Bob toasted the couple, speaking about the difference between a contract and a covenant, asking those gathered with us to toast the covenant between Andy and Emily.
They danced their dance, smooth and practiced, because they are performers, and it delighted them to delight us by doing so.
Emily danced with her father, and her father then beckoned to Emily's mother and her husband to take part in the dance, an act of extraordinary grace that brought a lump to my throat. By the end of the dance, Emily's two sisters had joined in, everyone with their arms around each other.
Finally, I was summoned to the dance floor to dance with my son. I didn't know what music he would choose, possibly Moulin Rouge, I thought, the short and quirky Tim Buckley song we both liked?

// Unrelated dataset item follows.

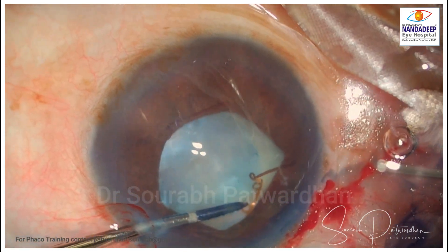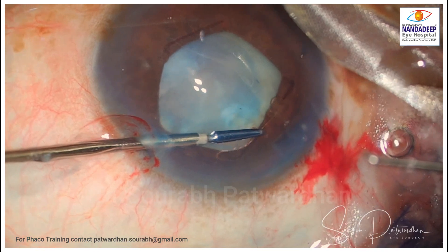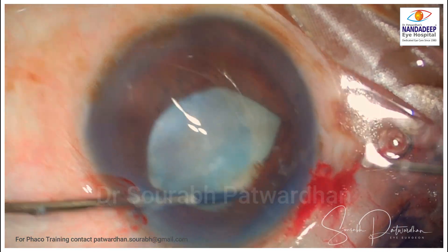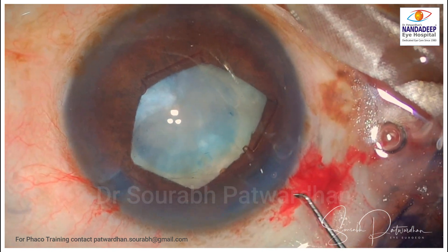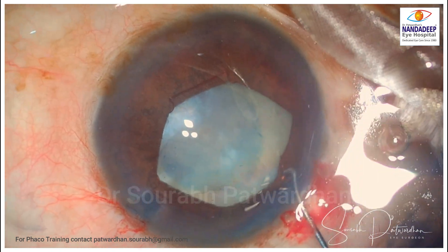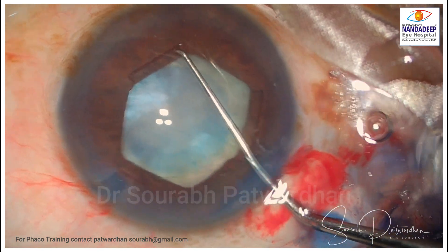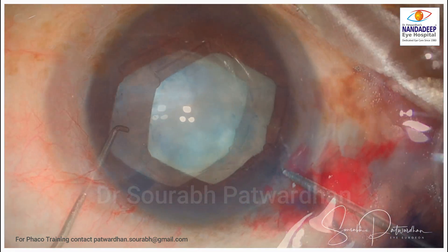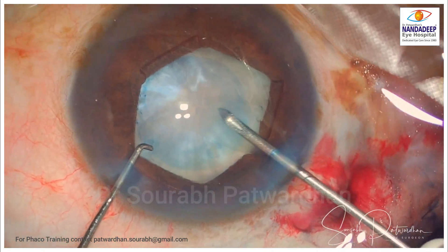You can do stretch pupilloplasty if it is too small or too rigid, but I could get away without it in this case. This ring expands the pupil to around 5.5 mm, but most importantly it retains the iris back, so during the FECO procedure you do not damage the iris.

Instead, Peter Gabriel's Solsbury Hill began playing, and my son began pogo-ing to the music. No sedate dance for Andy and me, I realized. That's not us. We danced around each other, and sang the song to each other, our hands to our breasts beating out "my heart going 'boom, boom, boom!'" every time the phrase came round.
We urged those watching us to clap, by virtue of our own clapping. We jumped high, and often, and heard everyone singing along with us. As the song swelled to its end, Andy beckoned everyone to come dance with us, while my own 62-year-old heart went boom-boom-boom, and I realized anew how much I loved my son, even if he was bidding fair to kill his couch-potato mother with such musical cardio.
He told me later that he chose the song because it always made him think of me. He's wise; the song always makes me cry, mostly for joy.
The wedding was about Andy, and Emily, and our dance was just a tiny part of the whole, but it fit the day that Andy and Emily created for themselves; it fit the way they chose to create an outward and visible sign of an inward and spiritual grace,
After all, a wedding is also about family - finding one's family, and drawing people in to join the circle, and starting new branches that still are part of the old trees. We have a new daughter, and Emily's family has a new son.
And I am blessed to have been part of the day.